Tuesday, October 29, 2013

edifices


Photo evidence!
Here I am with my friend Lijuan, who came with her husband to cheer me at the finish. Later, they took  me to a buffet in a fancy hotel, featuring both Western and Chinese food, so I could have the traditional post-marathon binge.  A good friend, indeed.

A couple things I forgot to mention in my first list of thoughts, in my post-marathon haze of endorphin rush/depletion.

During the race,  someone was setting off bunches of fireworks around mile 8, for what reason I’m not sure.  General celebratory glee? 

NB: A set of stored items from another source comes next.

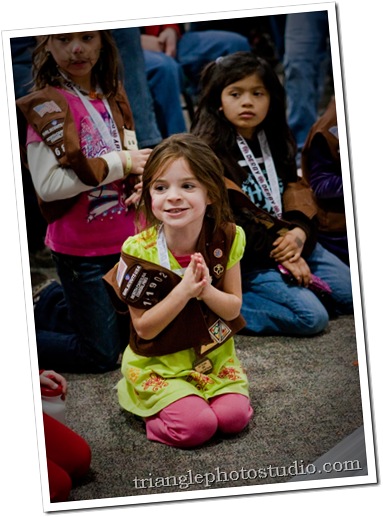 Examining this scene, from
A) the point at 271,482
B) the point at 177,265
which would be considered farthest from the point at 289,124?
the point at 271,482

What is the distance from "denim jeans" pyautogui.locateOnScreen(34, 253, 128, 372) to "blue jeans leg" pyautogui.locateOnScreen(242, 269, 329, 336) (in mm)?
363

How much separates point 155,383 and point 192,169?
564 mm

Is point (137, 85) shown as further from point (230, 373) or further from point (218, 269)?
point (230, 373)

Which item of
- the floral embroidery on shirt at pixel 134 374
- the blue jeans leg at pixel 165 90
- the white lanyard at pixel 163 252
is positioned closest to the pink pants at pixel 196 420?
the floral embroidery on shirt at pixel 134 374

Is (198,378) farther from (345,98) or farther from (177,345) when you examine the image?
(345,98)

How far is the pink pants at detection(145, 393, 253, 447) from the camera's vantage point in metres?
2.38

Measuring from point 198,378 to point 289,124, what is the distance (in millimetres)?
744

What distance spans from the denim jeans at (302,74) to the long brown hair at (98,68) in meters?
0.48

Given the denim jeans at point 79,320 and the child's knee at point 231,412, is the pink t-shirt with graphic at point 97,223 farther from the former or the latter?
the child's knee at point 231,412

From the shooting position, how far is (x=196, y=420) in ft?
7.80

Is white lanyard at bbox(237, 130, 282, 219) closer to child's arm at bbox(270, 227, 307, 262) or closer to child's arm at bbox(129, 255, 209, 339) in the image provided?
child's arm at bbox(270, 227, 307, 262)

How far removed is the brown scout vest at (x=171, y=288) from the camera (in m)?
2.39

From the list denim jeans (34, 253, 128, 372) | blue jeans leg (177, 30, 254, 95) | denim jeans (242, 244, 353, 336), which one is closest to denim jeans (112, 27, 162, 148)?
blue jeans leg (177, 30, 254, 95)

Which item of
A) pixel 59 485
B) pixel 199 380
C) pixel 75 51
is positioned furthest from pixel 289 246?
pixel 59 485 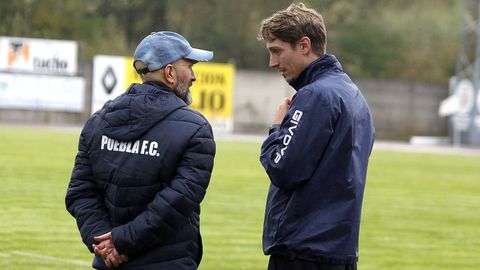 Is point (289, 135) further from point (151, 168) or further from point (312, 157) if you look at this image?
point (151, 168)

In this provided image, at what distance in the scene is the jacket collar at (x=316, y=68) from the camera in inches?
206

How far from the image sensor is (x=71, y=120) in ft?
144

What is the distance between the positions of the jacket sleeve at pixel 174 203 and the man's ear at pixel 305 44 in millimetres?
540

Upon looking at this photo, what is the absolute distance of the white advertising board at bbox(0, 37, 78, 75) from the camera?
142ft

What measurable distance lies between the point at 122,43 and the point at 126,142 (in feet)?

The photo with which I ended my previous marathon-themed post received much attention throughout the Chinese internet world.  Apparently a popular search on Baidu, the Chinese equivalent of Google, was 尿红墙, or "urine red wall."  One of my friends just today said, "How was the marathon?   I hear there was a problem involving toilets."

The finish—how could I have forgotten that?  Totally memorable, occurring on the plaza between the Olympic Stadium (the “Bird's Nest”) and the Water Cube swimming facility, the two most architecturally memorable parts of the Beijing games.  I have a terrible memory, but still vividly recall my first sighting of the Bird's Nest as it was under construction in 2007.  I was here on sabbatical, on a bus going along the North 4th Ring Road when we passed it.  I was utterly dazzled by the sight of it, this majestic structure going up amidst the mostly blah, dreary Beijing apartment blocks.   Here it is again:















 
This was one of the first of the new wave of Beijing architecture, with much of the city still unexciting today but punctuated by occasional breathtaking or just strange edifices, the most famous example of which may be the new China Central Television (CCTV) Building.















You are not mistaken, it does resemble a pair of pants.

Yet, grandiose architectural statements have been a part of the People's Republic since 1949 when Mao mounted the Tiananmen Gate and declared that "The Chinese people have stood up!"  One of his first projects was to destroy what was left of the Beijing city wall to build broad socialist boulevards, along with creating Tiananmen Square as a place for gatherings of mass politics.  (Interestingly, the critic Dai Jinhua writes that the word often used for "shopping mall" in Chinese these days is the same as that for "Square" or "public plaza," 广场.  There is much to make of that in terms of the shift in China in the past 30 years from a highly public to a privatized society.)   Amusingly but also tragically, apparently the current set of architectural statements have made a positive impression on at least one audience, the North Koreans, as shown in these propaganda posters from Pyongyang:
















No Mao suits or Young Pioneers were actually sighted amidst the sea of yellow race shirts at the marathon finish line.